Biological Weapons Act 1974
- Parliament of the United Kingdom
- Long title: An Act to prohibit the development, production, acquisition and possession of certain biological agents and toxins and of biological weapons.
- Citation: 1974 c. 6
- Introduced by: Robert Carr (Commons)
- Territorial extent: United Kingdom

Dates
- Royal assent: 8 February 1974
- Commencement: 8 February 1974

Other legislation
- Amends: Army Act 1955; Air Force Act 1955; Naval Discipline Act 1957; County Courts Act (Northern Ireland) 1959;
- Amended by: Criminal Jurisdiction Act 1975; Judicature (Northern Ireland) Act 1978; Police and Criminal Evidence Act 1984; Police and Criminal Evidence (Northern Ireland) Order 1989; Anti-terrorism, Crime and Security Act 2001; Justice (Northern Ireland) Act 2002; Commissioners for Revenue and Customs Act 2005; Serious Organised Crime and Police Act 2005; Public Bodies (Merger of the Director of Public Prosecutions and the Director of Revenue and Customs Prosecutions) Order 2014;

Status: Amended

Text of statute as originally enacted

Revised text of statute as amended

Text of the Biological Weapons Act 1974 as in force today (including any amendments) within the United Kingdom, from legislation.gov.uk.

= Biological Weapons Act 1974 =

Anti-bioweapon law of the United Kingdom

The Biological Weapons Act 1974 (c. 6) is an act of the Parliament of the United Kingdom, passed during the reign of Queen Elizabeth II on 8 February 1974, with the long title "An Act to prohibit the development, production, acquisition and possession of certain biological agents and toxins and of biological weapons."

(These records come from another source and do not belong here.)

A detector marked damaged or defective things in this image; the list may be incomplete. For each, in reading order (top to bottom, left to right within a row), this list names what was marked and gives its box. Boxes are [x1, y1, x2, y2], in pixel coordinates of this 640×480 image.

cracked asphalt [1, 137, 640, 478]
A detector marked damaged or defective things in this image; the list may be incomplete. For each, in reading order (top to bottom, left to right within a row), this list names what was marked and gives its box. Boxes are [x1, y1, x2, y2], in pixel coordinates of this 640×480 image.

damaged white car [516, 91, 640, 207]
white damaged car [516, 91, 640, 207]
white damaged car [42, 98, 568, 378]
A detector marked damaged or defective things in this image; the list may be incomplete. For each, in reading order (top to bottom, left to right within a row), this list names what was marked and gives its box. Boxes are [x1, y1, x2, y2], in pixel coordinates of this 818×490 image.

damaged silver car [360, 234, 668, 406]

The act makes illegal the development, production, acquisition or retainment of biological weapons, as well as any weapon delivery systems for the deployment of biological weapons. It also forbade the exchange between people of biological weapons and established the prison sentence for committing the crimes mentioned in the Act; a maximum sentence of life imprisonment.

The act extends to anyone within the United Kingdom, or British citizens abroad, however the citizen must be within the United Kingdom, the Isle of Man or any of the British colonies to be arrested for the offense.

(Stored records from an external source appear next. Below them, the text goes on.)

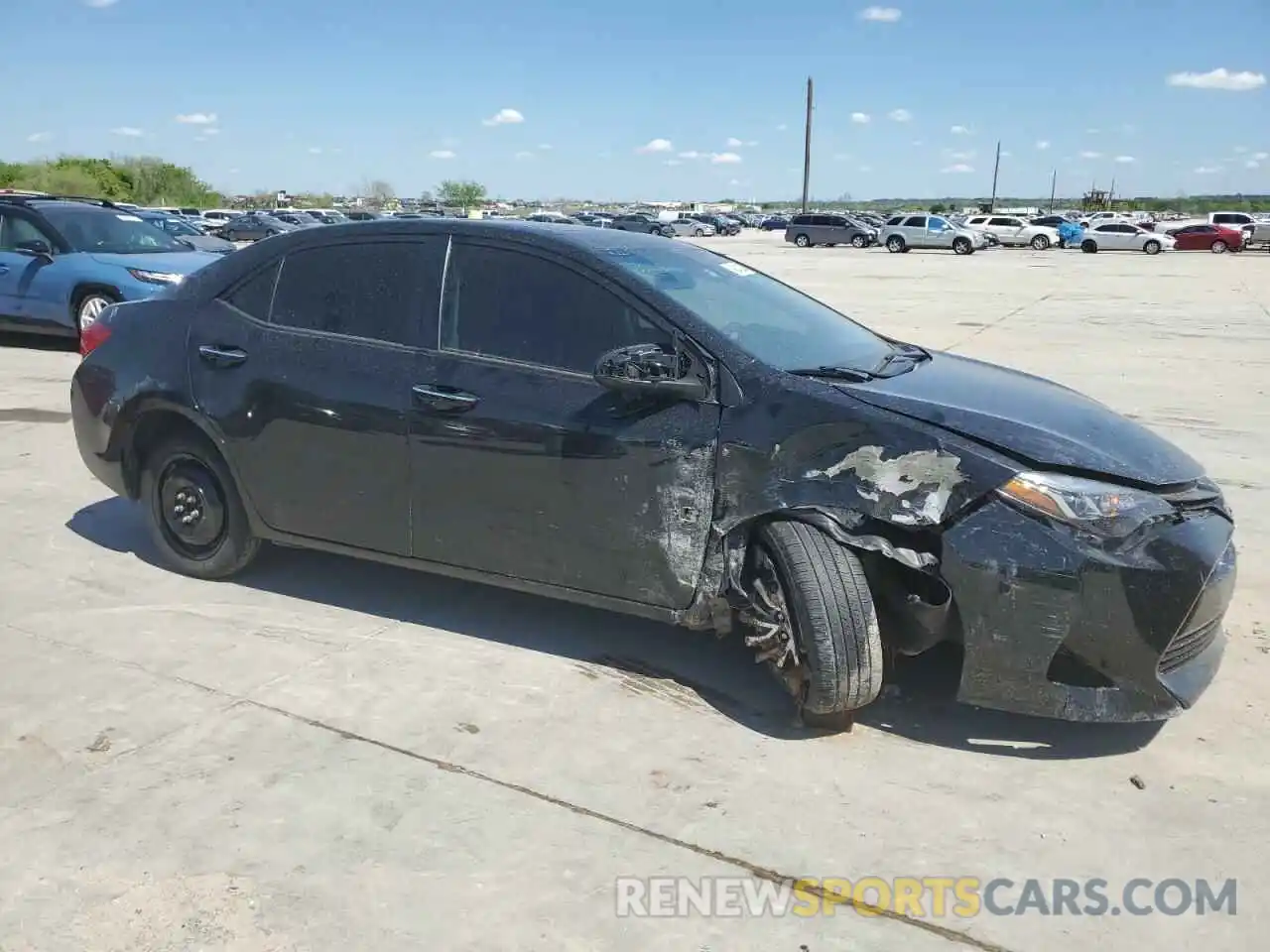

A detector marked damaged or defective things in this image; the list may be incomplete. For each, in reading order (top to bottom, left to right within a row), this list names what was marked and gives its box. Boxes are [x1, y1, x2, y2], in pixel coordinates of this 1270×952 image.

exposed front tire [71, 289, 119, 337]
exposed front tire [142, 433, 260, 581]
cracked concrete pavement [2, 233, 1270, 952]
damaged black car [71, 222, 1239, 731]
exposed front tire [751, 523, 883, 731]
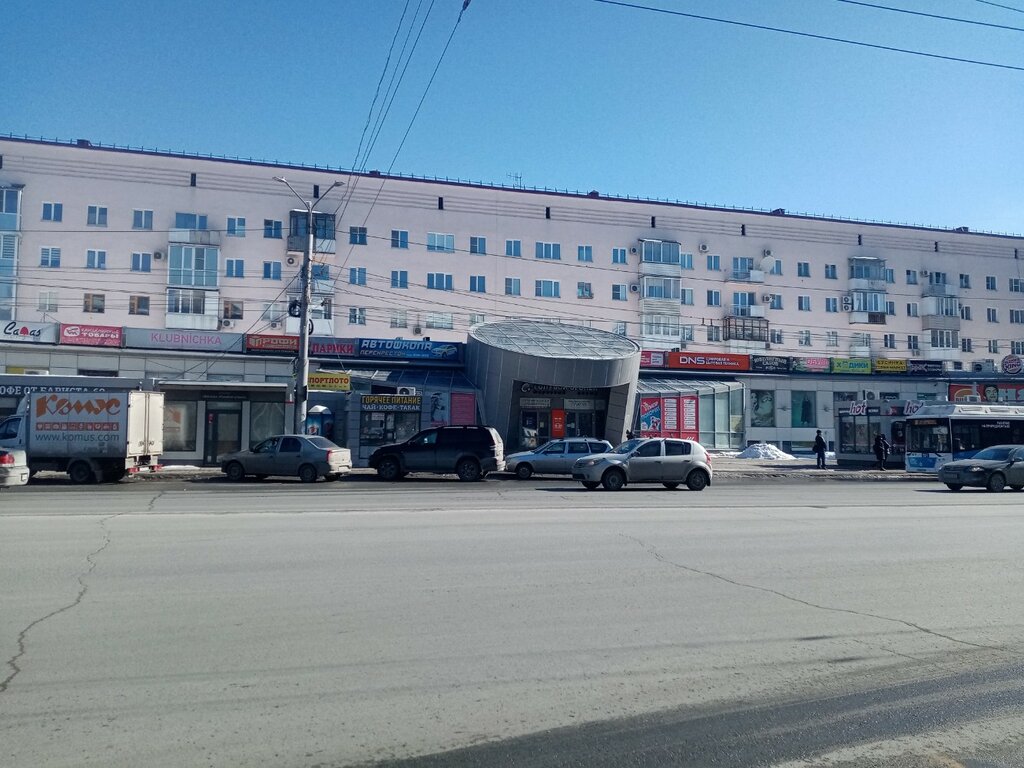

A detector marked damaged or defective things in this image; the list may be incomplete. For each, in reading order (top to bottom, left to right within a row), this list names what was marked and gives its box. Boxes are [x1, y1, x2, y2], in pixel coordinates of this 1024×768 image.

road crack [0, 514, 120, 696]
road crack [618, 536, 995, 655]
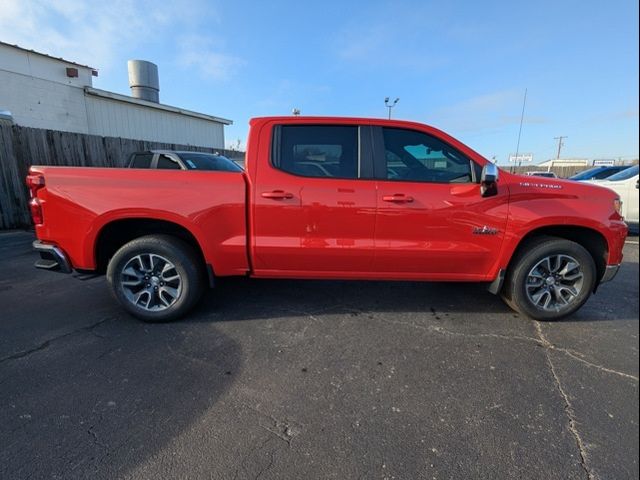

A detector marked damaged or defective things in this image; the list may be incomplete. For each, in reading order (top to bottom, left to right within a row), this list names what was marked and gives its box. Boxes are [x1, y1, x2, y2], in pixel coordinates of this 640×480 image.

crack in asphalt [0, 318, 112, 364]
crack in asphalt [536, 320, 596, 480]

It also gives Customs and Excise officers the power to seize biological weapons coming in or out of the United Kingdom, or British citizens in other countries transporting biological weaponry for deportation to the UK.

A fourth section says that anyone may be charged (as with other crimes) with aiding and abetting or conspiring to transport biological weapons.

The act extends to the entire United Kingdom.